Of course, all this tsk-tsking about the failure of image-conscious Hollywood stars to take creative risks is a stance nurtured exclusively by memories of those instances where said risks actually paid off. Eternal ingĂ©nue Audrey Hepburn performed best in her career as a disillusioned wife in Stanley Donen's sophisticated Two For the Road (1967). And perennial sex-kitten Ann-Margret's moving portrayal of an aging party girl in Carnal Knowledge (1971) was so unexpected it garnered her an Oscar nomination.
My guess is that this was Jennifer Jones' mantra throughout
 the entire filming of Angel, Angel Down We Go
What tends to fade from memory are the far more plentiful instances wherein actors, in a sincere attempt to break from type, inflict untold damage to years of hard-won legitimacy and respect by taking on thankless roles that end up making them look more ridiculous than courageous.
One such doozy of a miscalculation is the aptly titled Angel, Angel, Down We Go, a film that sees Oscar-winner and member of old-school Hollywood royalty Jennifer Jones extend herself so far out on a wobbly limb that the only trajectory can be downward.
Angel, Angel, Down We Go is a marvelously loopy artifact from the age of culture-clash psychedelia, and a primo example of that weird transitional period in motion picture history (roughly 1966 through 1970) when it appeared at times as though Hollywood had completely lost its mind. How else to explain the green-lighting of a film that casts classy Jennifer Jones as a former porn star unhappily married to a gay industrialist (Charles Aidman); saddle her with an unwanted, overweight teenage daughter (Holly Near); and has her seduced by a Jim Morrison-esque rock star (Jordan Christopher)?
Released by American International Pictures (the Drive-In exhibitor's best friend) and penned by the same writer who delivered the 1968 sleeper hit Wild in the Streets; Angel, Angel, Down We Go is an exercise in youth-rebellion exploitation that didn't pay off back in 1969 but reaps considerable dividends today for being an astonishingly weird product of a time when Hollywood was seriously grasping at creative straws.
Jennifer Jones as Astrid Steele
Jordan Christopher as Bogart Peter Stuyvesant
Holly Near as Tara Nicole Steele
Charles Aidman as William Gardiner Steele
Rock star/mogul/cult leader Bogart Peter Stuyvesant ("My mother went into labor pains during a Bogart flick...she almost dropped me in the lobby!") first deflowers, then insinuates himself into the life of the unloved, overweight debutante, Tara Nicole Steele.

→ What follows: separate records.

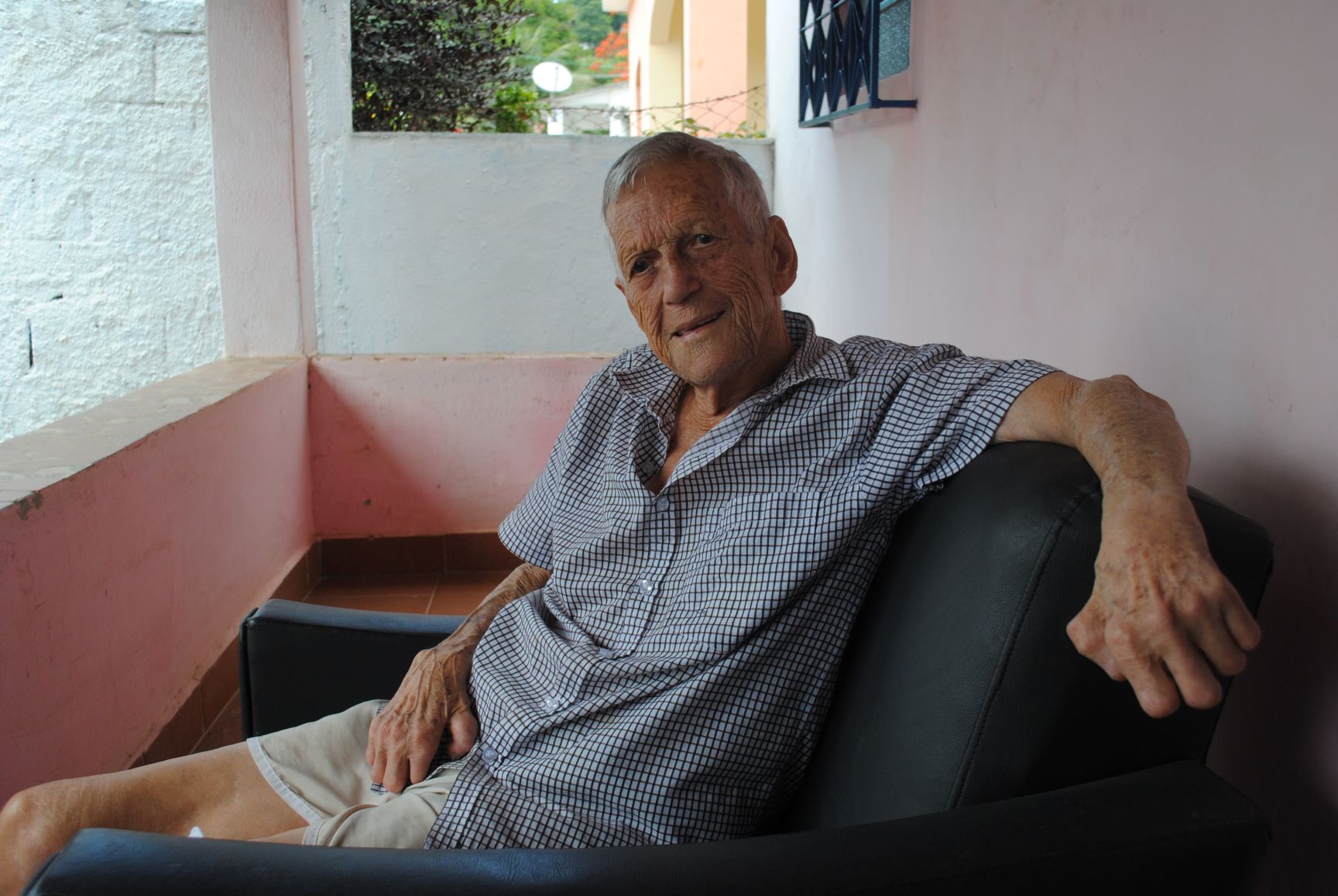 Seu Dutra na varanda de sua casa na área da antiga colônia: título de posse para mil família (Foto: Letícia Fernandes)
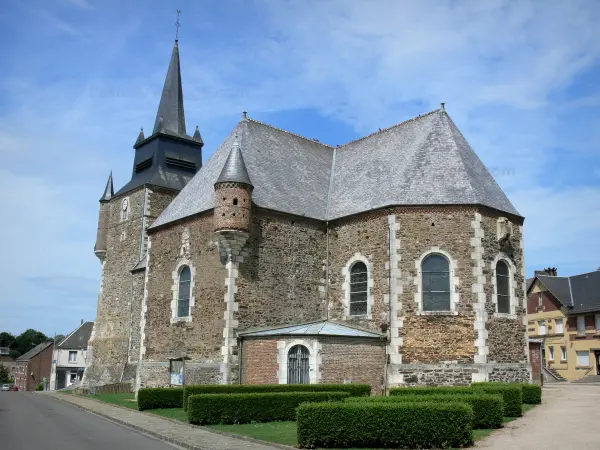 Wehrkirchen in der Thiérache - Signy-le-Petit: Wehrkirche Saint-Nicolas flankiert mit Warten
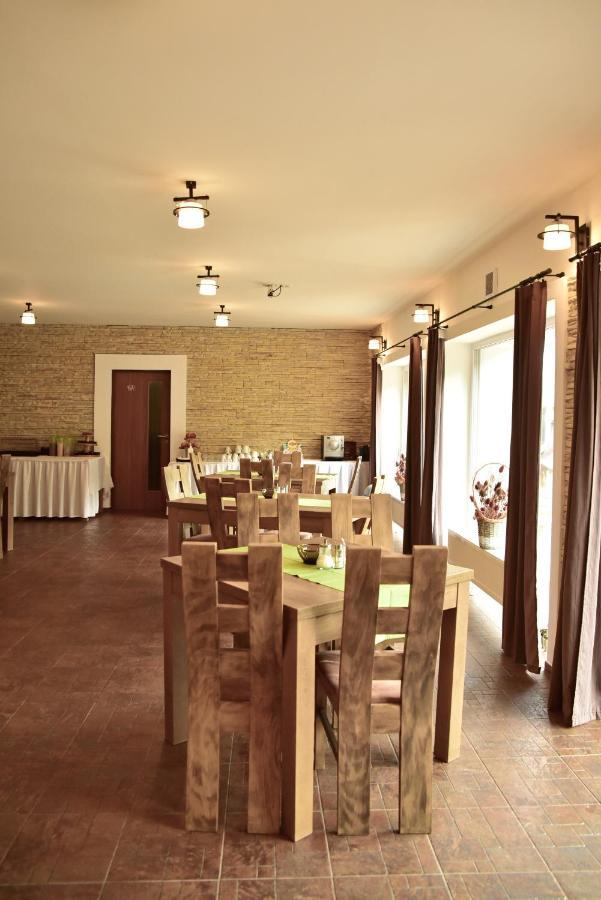 Pension U Krbu Mikulov v Krusnych Horach ภายนอก รูปภาพ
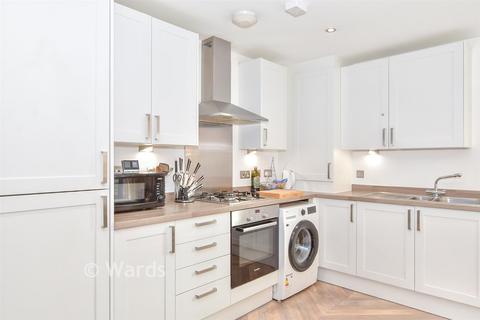 1 bedroom ground floor flat for sale, Avebury Avenue, Tonbridge, Kent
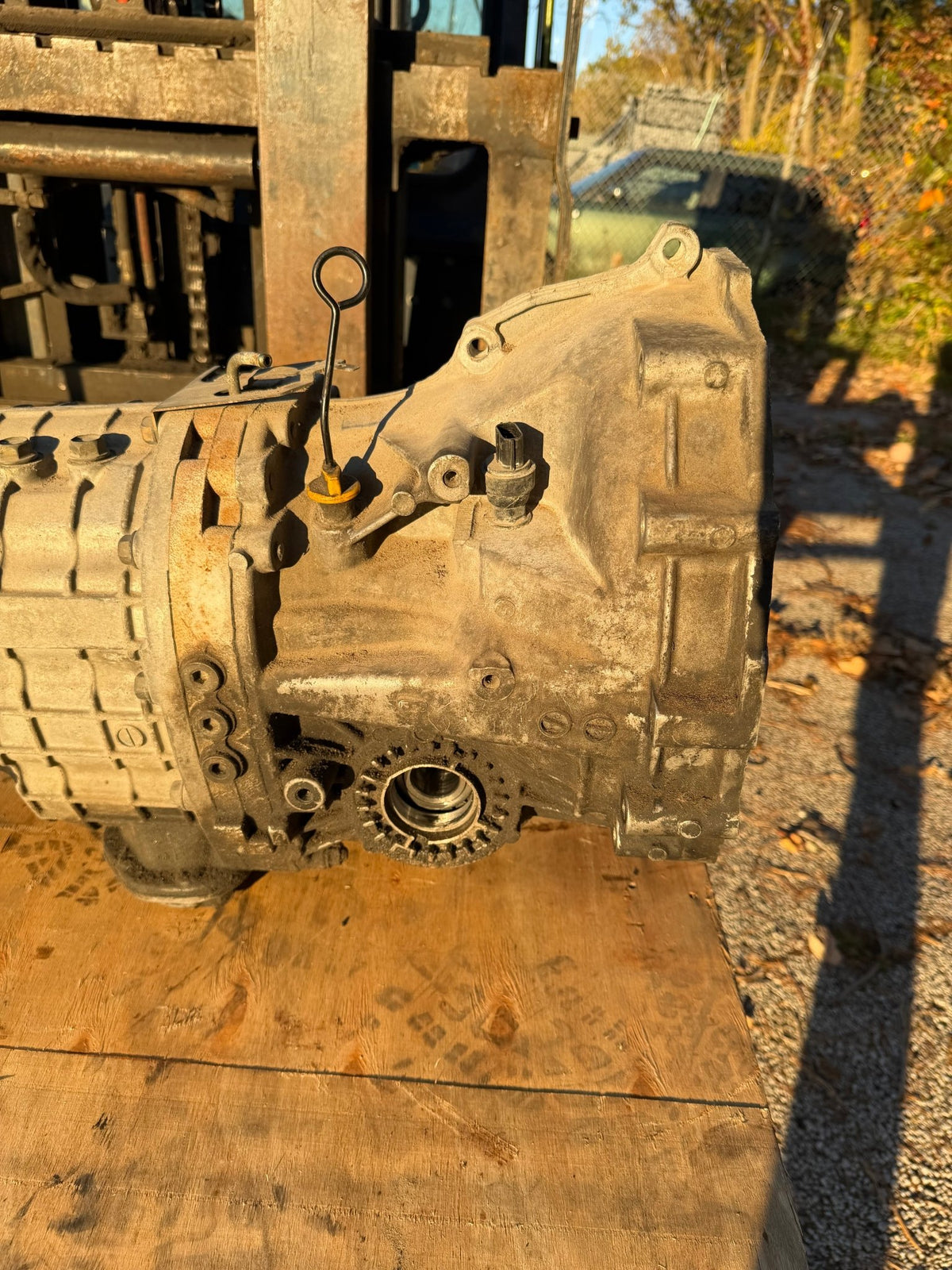 * CORE * 2004 Subaru STi 6 speed manual AWD DCCD gearbox transmission 3.9 ( needs front differential replaced )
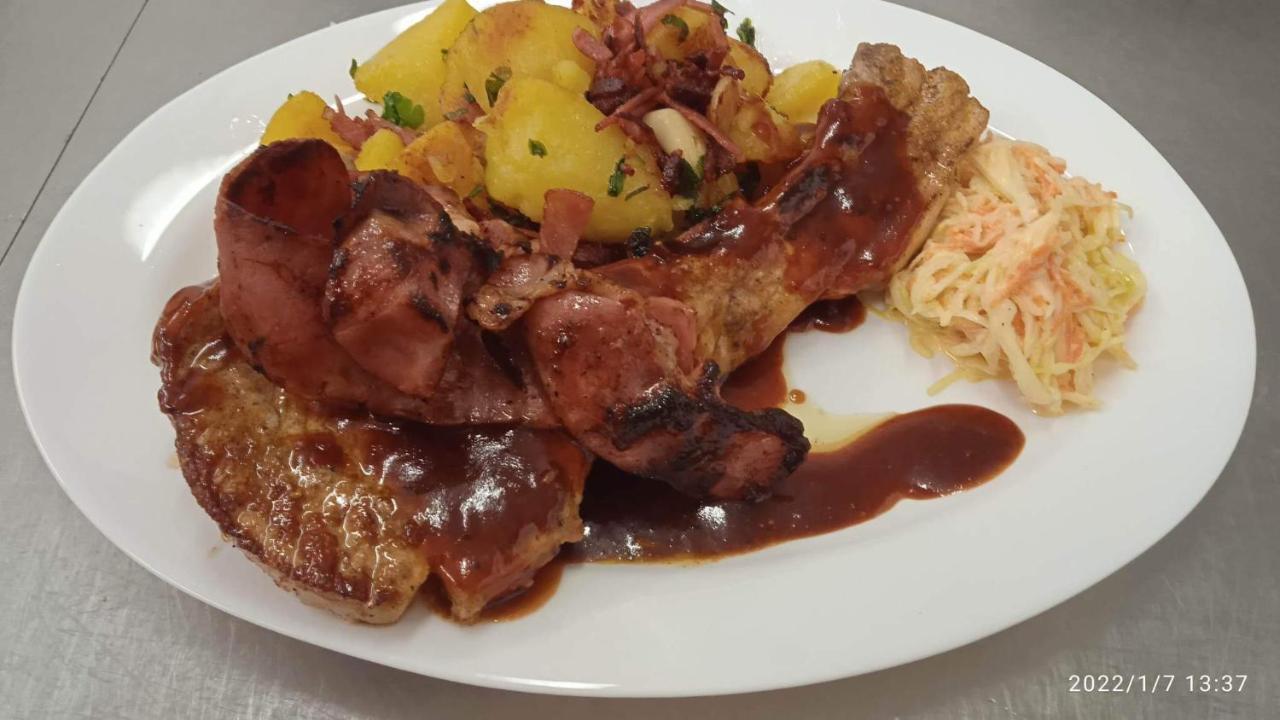 Mala Svata Hora - Penzion & Restaurace Mníšek pod Brdy Zewnętrze zdjęcie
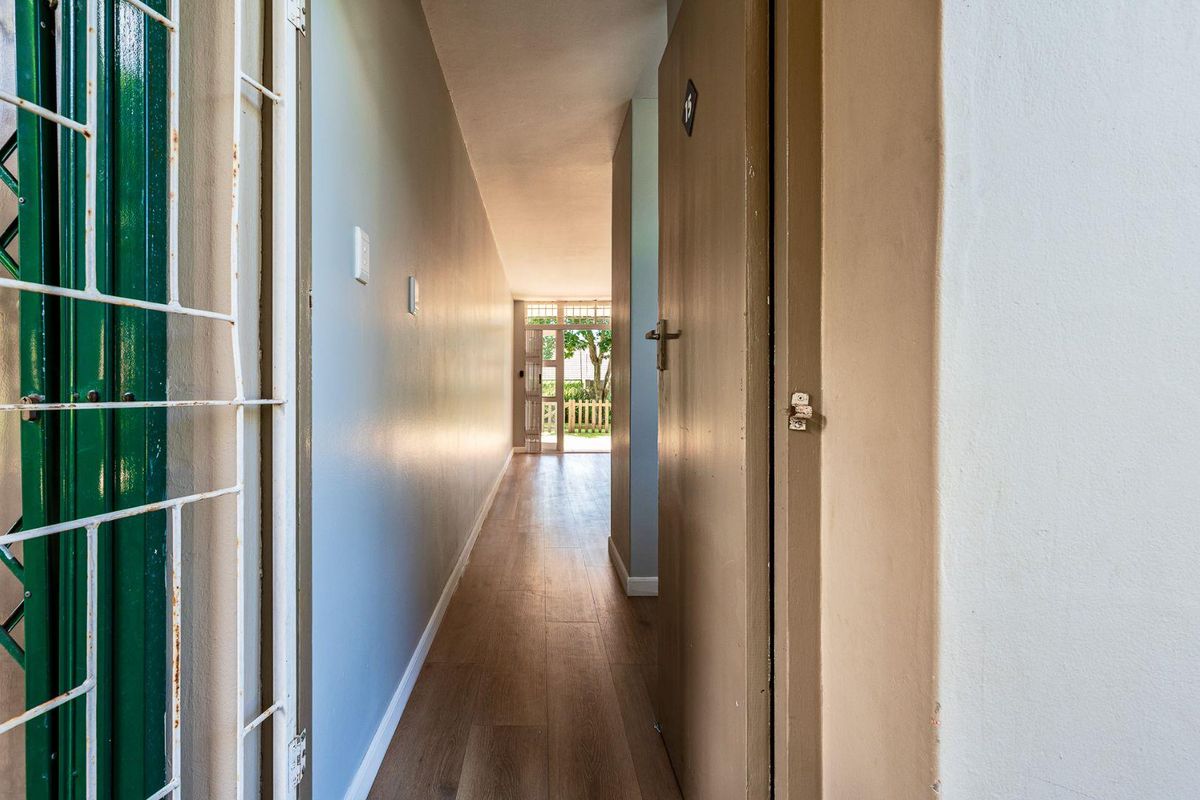 Modern Ground-Floor Flat in Hillcrest Centre - Photo 3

Stuyvesant and his motley band of sky-diving cultists (an uncomfortable-looking Lou Rawls; obligatory pregnant flower child, Davey Davidson; and an underutilized but probably just-happy-not-to-be-wearing-monkey-makeup, Roddy McDowall) see in Tara a symbol of overindulged American excess. In her decadent parents, they see the personification of older-generation corruption and greed. 
Bogart Peter Stuyvesant & Co. have plans for this family, but beyond, perhaps, talking them to death, it's difficult to know just what the endgame is for the seriously unhinged young man. We know it has something to do with youth rebellion, but as to what form that rebellion is supposed to take, your guess is as good as mine. "You're insane!" people keep shouting at him, as though we hadn't noticed.
All I know is that along the way, Bogart sings a passel of pop/rock songs written by the Oscar-nominated songwriting team of Cynthia Weil and Barry Mann (Somewhere Out There), spouts a lot of anti-establishment gibberish, and in the end, winds up seducing mom, dad, and daughter. Not necessarily in that order.
"We say hip, hooray, hip. hip hooray for fat!"
The newly liberated Tara dances to Bogart's ode to corpulence: "The Fat Song." Barely considered chubby by today's Big-Gulp, Super-Size standards, 19-year-old Holly Near, making her film debut, gained five pounds for the role (the studio asked for 20). 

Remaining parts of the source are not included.